Using the records below, repeat exactly the lines from the one holding "YATINEY Foldable Dog" through the one holding "Karl Lagerfeld KLPB5FPGKSCHHK", both ends included, and no others.
Source data START
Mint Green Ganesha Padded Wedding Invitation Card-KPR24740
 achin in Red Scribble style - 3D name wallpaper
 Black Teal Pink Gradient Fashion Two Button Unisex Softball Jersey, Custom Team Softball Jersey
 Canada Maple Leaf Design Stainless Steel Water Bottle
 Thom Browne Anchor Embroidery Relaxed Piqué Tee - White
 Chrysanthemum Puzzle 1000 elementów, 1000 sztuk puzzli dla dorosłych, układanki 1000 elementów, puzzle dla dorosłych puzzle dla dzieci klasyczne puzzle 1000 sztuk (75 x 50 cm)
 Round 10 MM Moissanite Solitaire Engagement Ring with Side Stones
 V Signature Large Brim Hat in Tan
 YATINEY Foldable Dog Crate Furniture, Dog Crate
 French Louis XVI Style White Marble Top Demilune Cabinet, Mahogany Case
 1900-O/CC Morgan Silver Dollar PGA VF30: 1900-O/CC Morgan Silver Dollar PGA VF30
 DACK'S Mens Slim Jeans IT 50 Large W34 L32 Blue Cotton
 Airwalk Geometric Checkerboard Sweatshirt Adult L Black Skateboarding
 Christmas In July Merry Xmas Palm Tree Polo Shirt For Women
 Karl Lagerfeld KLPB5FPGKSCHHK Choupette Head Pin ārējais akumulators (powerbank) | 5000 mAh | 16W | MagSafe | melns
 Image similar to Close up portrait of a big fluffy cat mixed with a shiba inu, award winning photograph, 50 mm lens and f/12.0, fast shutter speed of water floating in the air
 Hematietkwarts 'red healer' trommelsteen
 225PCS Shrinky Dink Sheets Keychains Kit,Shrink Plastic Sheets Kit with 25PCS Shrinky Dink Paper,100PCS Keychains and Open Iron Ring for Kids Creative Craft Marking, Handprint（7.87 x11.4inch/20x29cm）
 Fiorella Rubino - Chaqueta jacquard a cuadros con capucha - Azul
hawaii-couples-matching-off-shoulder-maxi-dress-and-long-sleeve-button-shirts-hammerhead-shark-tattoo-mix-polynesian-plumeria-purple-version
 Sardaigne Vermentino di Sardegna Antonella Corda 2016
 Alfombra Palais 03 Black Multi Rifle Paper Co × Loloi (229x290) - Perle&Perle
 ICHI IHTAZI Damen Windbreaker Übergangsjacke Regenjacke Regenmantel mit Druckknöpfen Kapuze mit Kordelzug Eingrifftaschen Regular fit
Source data END
Written response ::
 YATINEY Foldable Dog Crate Furniture, Dog Crate
 French Louis XVI Style White Marble Top Demilune Cabinet, Mahogany Case
 1900-O/CC Morgan Silver Dollar PGA VF30: 1900-O/CC Morgan Silver Dollar PGA VF30
 DACK'S Mens Slim Jeans IT 50 Large W34 L32 Blue Cotton
 Airwalk Geometric Checkerboard Sweatshirt Adult L Black Skateboarding
 Christmas In July Merry Xmas Palm Tree Polo Shirt For Women
 Karl Lagerfeld KLPB5FPGKSCHHK Choupette Head Pin ārējais akumulators (powerbank) | 5000 mAh | 16W | MagSafe | melns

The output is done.